Richard’s concept of launching cargo gliders that would ride the jet stream between continents was suddenly validated before an audience that a few minutes before might have been dazzled and even skeptical of his proposal. Perlan’s tows behind the recently recruited Grob Egret turboprop towplane made 10,000 feet in 10 minutes a time-to-climb reality, and tows to 40,000 feet allowed rapid exploration of developing air masses over the Patagonian mountains.
The idea of flying large, cargo-carrying gliders goes back to at least Word War Two, with flotillas of Waco CG-4s and British Horsas descending on the French mainland on D-Day. The Russians even had a glider large enough to carry a tank into battle.
Hawley Bowlus, who had been in on the design of the Spirit of St. Louis and who taught the Lindbergh’s to fly sailplanes at the Tehachapi gliderport where the Workshop is held, was represented by the presence of Jeff Byard’s lovely Baby Albatross in the hangar. Bowlus designed a large CG-7 cargo glider for the war effort.

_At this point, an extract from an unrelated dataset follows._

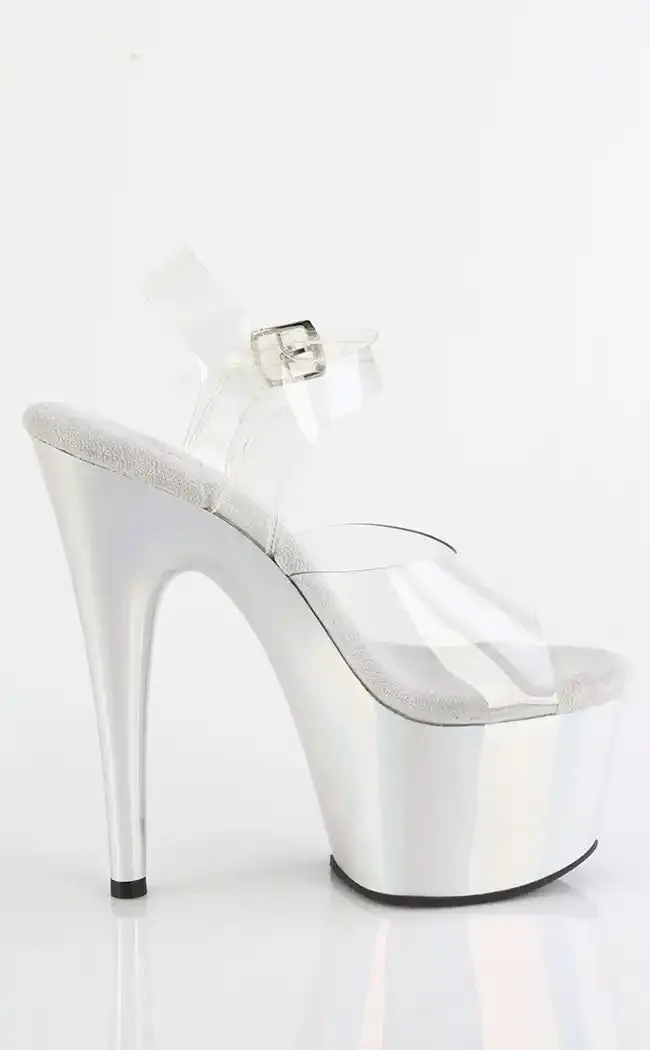 ADORE-708LQ Clear & Silver Holo Heels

These historical antecedents and present-day realities give credibility to the potential Richard’s ideas might have. The atmospheric realities are now well documented and increasingly understood. Richard’s depiction of the manner in which jet streams are formed and predicted with some accuracy could make high altitude cargo gliders a scheduled delivery system.

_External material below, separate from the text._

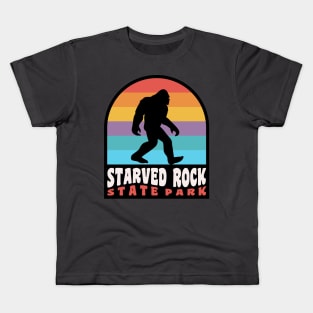 Starved Rock State Park Bigfoot Sasquatch Retro Sunset Kids T-Shirt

His concept for an autonomous glider that could travel from his example of Chengdu, China to Denver, Colorado in three to 10 days looks a great deal like a 4X Antares H2, with cargo pods replacing the hydrogen tanks under the Lange machine’s wings. He even foresees using a Perlan research vehicle with self-launching capabilities from an Alexander Schleicher ASG-32’s electric motor system to test out his concepts.
Certainly, current high-altitude drones and projects such as SolarStratos will add to the available knowledge about this high-altitude realm, where Richard’s concept would combine high-altitude tows, dynamic soaring and autonomous guidance to deliver the goods.